Before describing in detail the various embodiments of the present application, the inventive concepts of the present application are first briefly described: the existing design mode of high-thermal-stability enzyme needs to know information such as enzyme structure, the modification process is complex, and batch generation is difficult. According to the method for generating the protein sequence of the high-thermal-stability enzyme, protein sequence data of a specific enzyme with tolerance temperature larger than a preset value is screened out as a training sample, a pre-constructed generative confrontation network model is trained by the training sample to obtain a protein sequence generation model, so that the model learns the basic characteristics of the high-thermal-stability enzyme, and finally the trained protein sequence generation model is used for generating the protein sequence data in batches.

Specifically, as shown in fig. 1, the method for generating a protein sequence of a thermostable enzyme according to this embodiment includes the following steps:

step S10, obtaining a training sample, wherein the training sample comprises protein sequence data of a specific enzyme with tolerance temperature larger than a preset value;

step S20, training a pre-constructed generative confrontation network model by using a training sample to obtain a protein sequence generative model;

and step S30, generating batch protein sequence data by using the protein sequence generation model.

Specifically, the main objective of step S10 is to construct a protein sequence database of thermostable enzymes for providing training samples. The step S10 includes: obtaining a proteome sequence of a microorganism with a tolerance temperature greater than a predetermined value; determining target enzymes in the same category as the specific enzymes from the proteome sequences, and extracting target protein sequences of the target enzymes; and clustering the target protein sequence by using a sequence clustering algorithm to obtain protein sequences of a plurality of clusters, and selecting the protein sequence of the largest cluster as a training sample.

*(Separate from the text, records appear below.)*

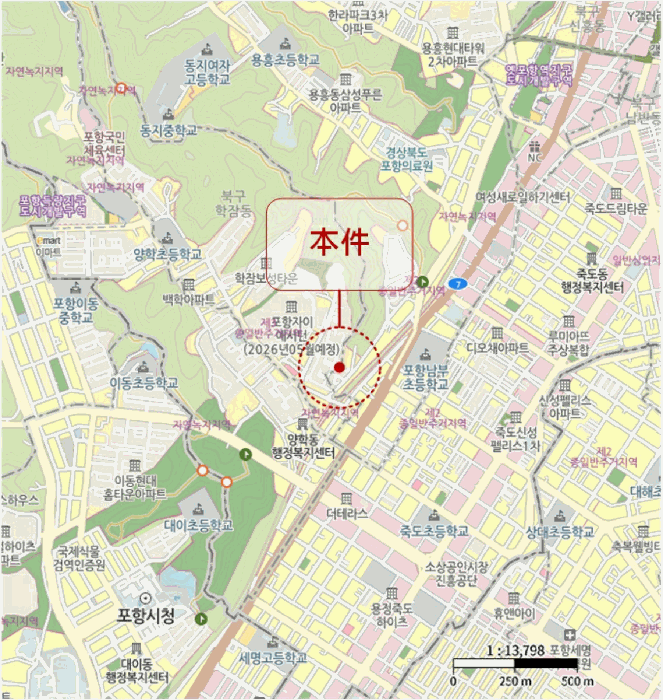 B000317202501300037178.jpg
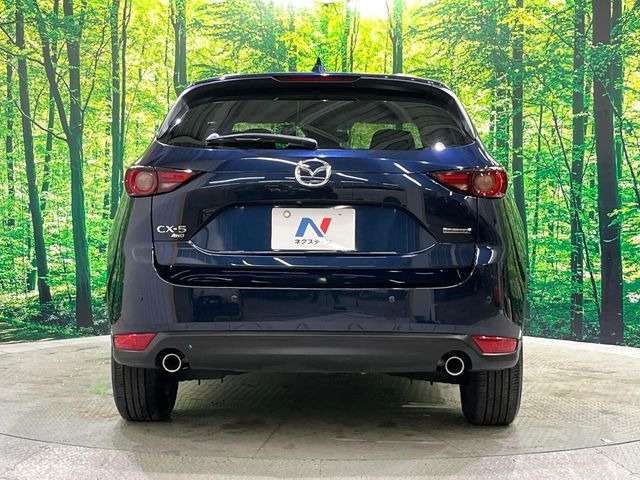 頭金・ボーナス払い不要&最長10年間の設定が可能なオートローンをご用意しております!無理のない支払いプランにて購入が可能です♪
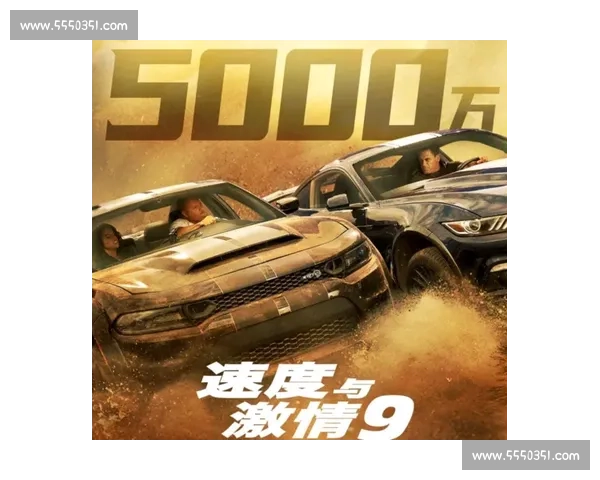 巅峰对决惊心动魄,每一分都牵动人心! 巅峰对决惊心动魄,每一分都牵动人心!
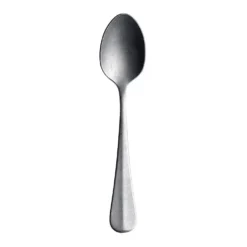 Sola FL953 Baguette Vintage Stonewash 6" Teaspoon - Dozen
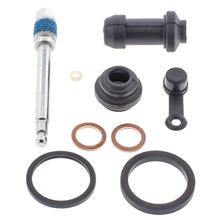 for Honda CRF R CR 125 - 450 ccm Year 1999 - 2016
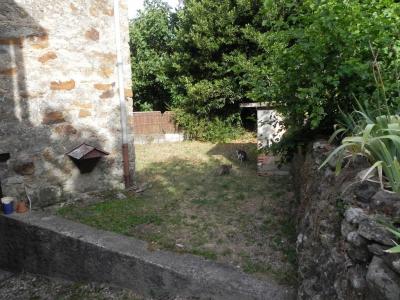 For sale 4 rooms 48 m2 Gard (30160) photo 1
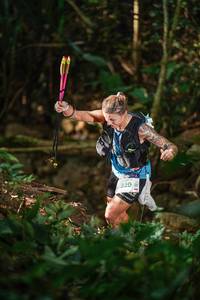 BIB: 7239, 130, 066
                            <button type="button" onclick="openModal(22734303)" class="btn btn-primary btn-sm float-right btn-popup" data-toggle="modal" data-target=".modal-high-quality">
                        <i class="fas fa-shopping-cart"></i> Add to Cart
                    </button>
                                            <button type="button" onclick="isThisMe(22734303, true)" class="btn btn-success btn-sm float-right btn-popup btn-isme hidden" data-toggle="tooltip" data-placement="bottom" title="นี่คือรูปของคุณใช่ไหม คลิกที่นี่เพื่อเอาเข้าอัลบั้ม">
                        <i class="fas fa-plus"></i> Add to album
                    </button>
                    <button type="button" onclick="isThisMe(22734303, false)" class="btn btn-warning btn-sm float-right btn-popup btn-isnotme hidden">
                        <i class="fas fa-ban"></i> Remove from album
                    </button>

Illustratively, the growth temperature of a large number of microorganisms can be obtained from an existing database, such as a Martin KM Engqvist database or any other database containing the growth temperature of microorganisms; then, setting a suitable predetermined value, and selecting microorganisms with tolerance temperature above a predetermined value, such as above 40 ℃; then, extracting the proteome sequence of the microorganism from a proteome database, such as a Uniprot/Proteomes database and other databases containing Proteomes; next, extracting target protein sequences corresponding to target enzymes of which the specific enzymes are in the same class from all the protein groups; and finally, setting a reasonable similarity threshold value in a range of 0.0-1.0, such as 0.5, by using a sequence clustering algorithm, such as a clustering method of mmseq2 clustering and other suitable sequences, and selecting a protein sequence with a cluster larger than the threshold value from the target protein sequence as a training sample.

Further, in order to improve the accuracy of the protein sequence generation model, the protein sequence as the training sample should have a higher similarity, the specific class of enzyme and the target enzyme in this embodiment belong to any enzyme under the fourth layer enzymology number in the nomenclature of the enzyme commission on enzyme science, for example, both belong to 3.5.4.5-cytidine deaminase (cytidine deaminase) under the fourth layer enzymology number, so as to avoid that the training sample has a larger difference and affects the training effect. The enzymes under the fourth layer of enzyme numbering in the enzyme Commission nomenclature are multiple, protein sequences of various enzymes are different, but can catalyze the same type of reaction, and the similarity is high, so that the protein sequence generation model obtained by training has high accuracy.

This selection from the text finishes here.